Advertising regulations¶
There’s no blanket EU requirement that all advertising must be in the local language - you can technically run ads in any language. But there are notable exceptions:
- France: the Toubon Law requires that all advertising on French territory be in French (or include a French translation). This applies to billboards, TV commercials, print ads, and yes, digital advertising targeting French consumers
- Quebec (Canada): Bill 101 mandates that French text must be at least as prominent as English text on all commercial signage and advertising
- Germany: no legal language requirement for advertising, but research shows that German consumers strongly prefer content in their native language and value precision and clarity. Running English-only ads in Germany isn’t illegal, but it’s leaving money on the table
If you’re selling physical products in the EU, translating labels and instructions isn’t optional - it’s the law. And even where it’s not legally required, the business case for localized marketing is overwhelming.
Regional nuances - the stuff everyone forgets¶
Even when two countries speak the same language, your marketing materials for each need to be different. This catches a lot of companies off guard.
German-speaking markets¶
Germany, Austria, and Switzerland all speak German - sort of. The differences matter for marketing:
- Germany uses the Eszett (Straße), Switzerland doesn’t (Strasse)
- Currency: EUR (Germany, Austria) vs CHF (Switzerland)
- Tone: Germany is more formal, Austria is slightly softer, Switzerland is the most neutral
- Address formats differ across all three countries
- Humor: Germans appreciate dry, factual humor in marketing. Swiss consumers prefer understated messaging. Austrian marketing can be slightly more playful
A translation that works perfectly in Munich might feel off in Zurich. This is why you specify the exact market when ordering German translations.
English-speaking markets¶
“It’s all English” is the fastest way to mess this up:
- UK English vs US English isn’t just colour/color - words mean different things. “First floor” is the ground level in the US but one level up in the UK. “Pants” is outerwear in the US and underwear in the UK
- Dates: DD/MM/YYYY (UK) vs MM/DD/YYYY (US) - critical for promotional offers with deadlines
- Measurement units: metric (UK mostly) vs imperial (US)
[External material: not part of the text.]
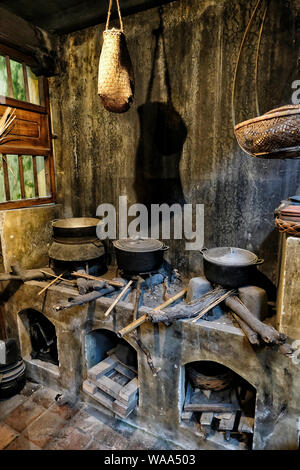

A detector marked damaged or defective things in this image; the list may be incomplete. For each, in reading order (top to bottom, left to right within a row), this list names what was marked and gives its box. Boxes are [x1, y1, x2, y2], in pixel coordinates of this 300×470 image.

- Spelling and terminology: “shopping cart” (US) vs “shopping basket” (UK), “zip code” vs “postcode”
- Tone: American marketing tends to be more enthusiastic and hyperbolic. British marketing leans toward understatement and subtle humor
Spanish-speaking markets¶
- Spanish for Spain and Spanish for Mexico are almost two different styles of communication
- Words that are perfectly normal in one country can be offensive in another - “coger” means “to take” in Spain but is vulgar in much of Latin America
- Latin American Spanish isn’t one language - it’s at least 5-6 distinct variants (Mexican, Argentine, Colombian, Chilean, etc.)
- Formality varies wildly: “vosotros” (Spain) vs “ustedes” (Latin America)
Portuguese-speaking markets¶
- Portuguese for Portugal and Brazilian Portuguese differ as much as British and American English - arguably more
- Brazil has 210+ million people vs Portugal’s 10 million. If you’re picking one variant, the market size often decides
- Vocabulary, grammar, and even sentence structure differ significantly between the two
Chinese-speaking markets¶
- Simplified Chinese (mainland China) vs Traditional Chinese (Taiwan, Hong Kong)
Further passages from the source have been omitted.